··· EXTRACTED DATA ···

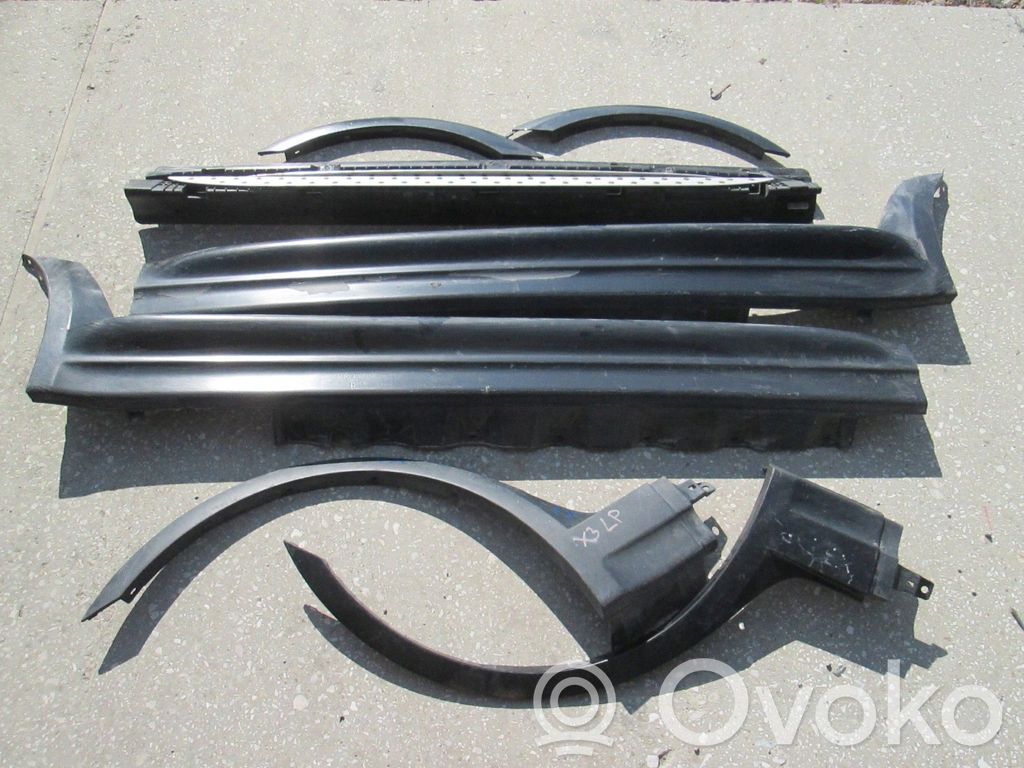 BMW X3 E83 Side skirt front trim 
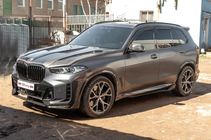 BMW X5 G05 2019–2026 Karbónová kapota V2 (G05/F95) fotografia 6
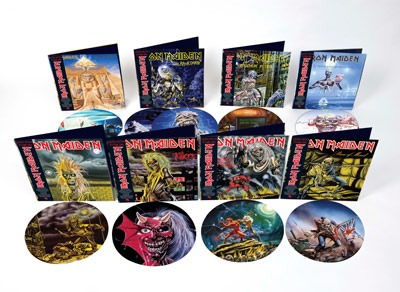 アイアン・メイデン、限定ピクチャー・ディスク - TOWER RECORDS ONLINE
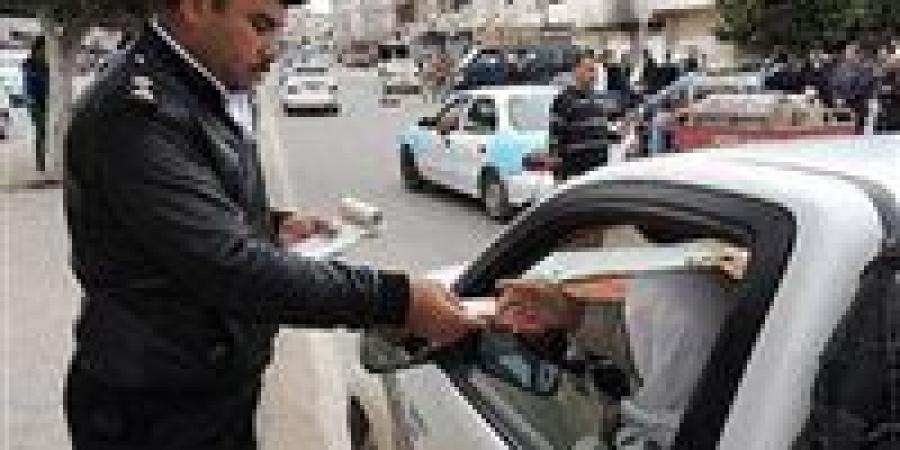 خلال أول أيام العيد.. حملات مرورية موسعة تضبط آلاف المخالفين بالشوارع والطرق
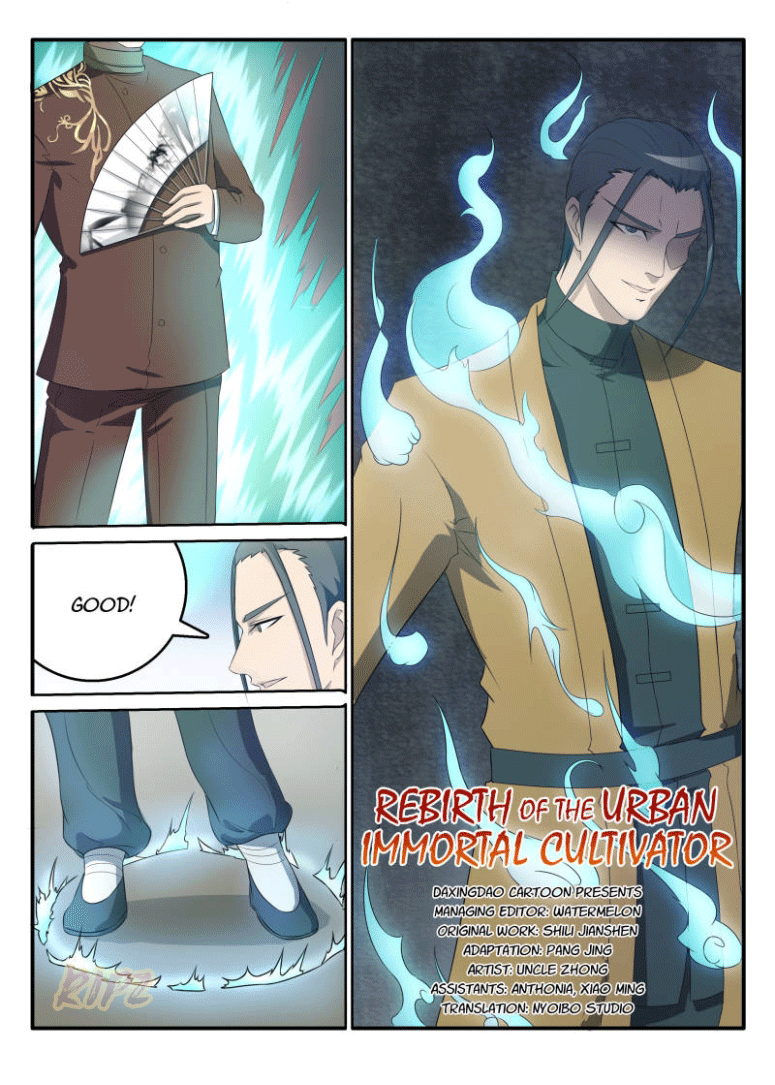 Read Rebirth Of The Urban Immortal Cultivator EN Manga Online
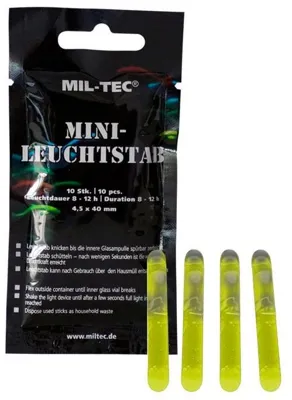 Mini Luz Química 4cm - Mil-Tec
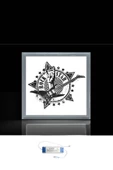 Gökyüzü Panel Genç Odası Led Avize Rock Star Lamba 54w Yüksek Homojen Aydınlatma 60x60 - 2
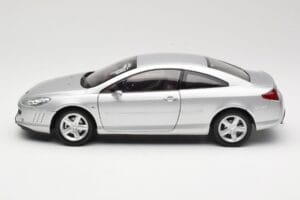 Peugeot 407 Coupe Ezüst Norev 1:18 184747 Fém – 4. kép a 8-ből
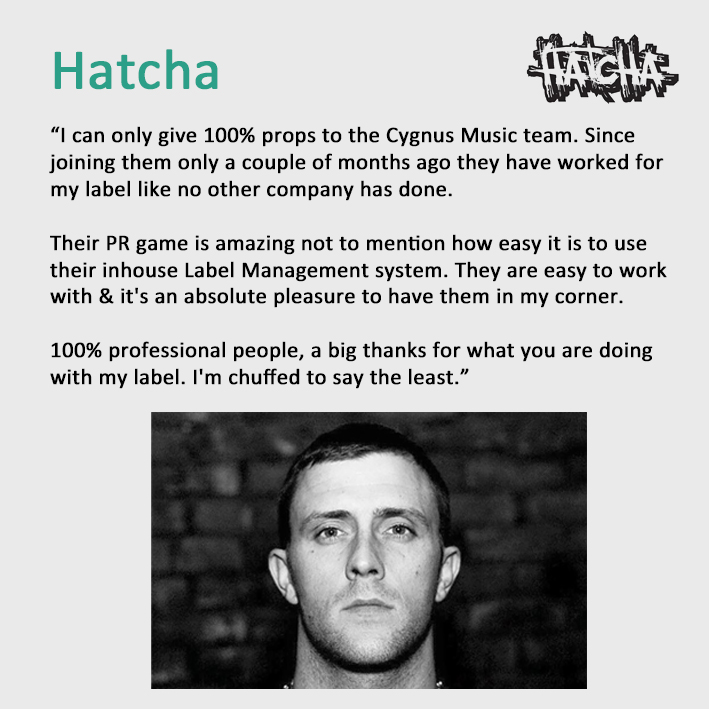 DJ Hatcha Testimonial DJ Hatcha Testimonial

···

EXERCISE AIM: Would you repeat exactly, and only, the lines from the start of the records above through the line containing "خلال أول أيام", with the pictures omitted?

YOUR RESPONSE:
 BMW X3 E83 Side skirt front trim 
 BMW X5 G05 2019–2026 Karbónová kapota V2 (G05/F95) fotografia 6
 アイアン・メイデン、限定ピクチャー・ディスク - TOWER RECORDS ONLINE
 خلال أول أيام العيد.. حملات مرورية موسعة تضبط آلاف المخالفين بالشوارع والطرق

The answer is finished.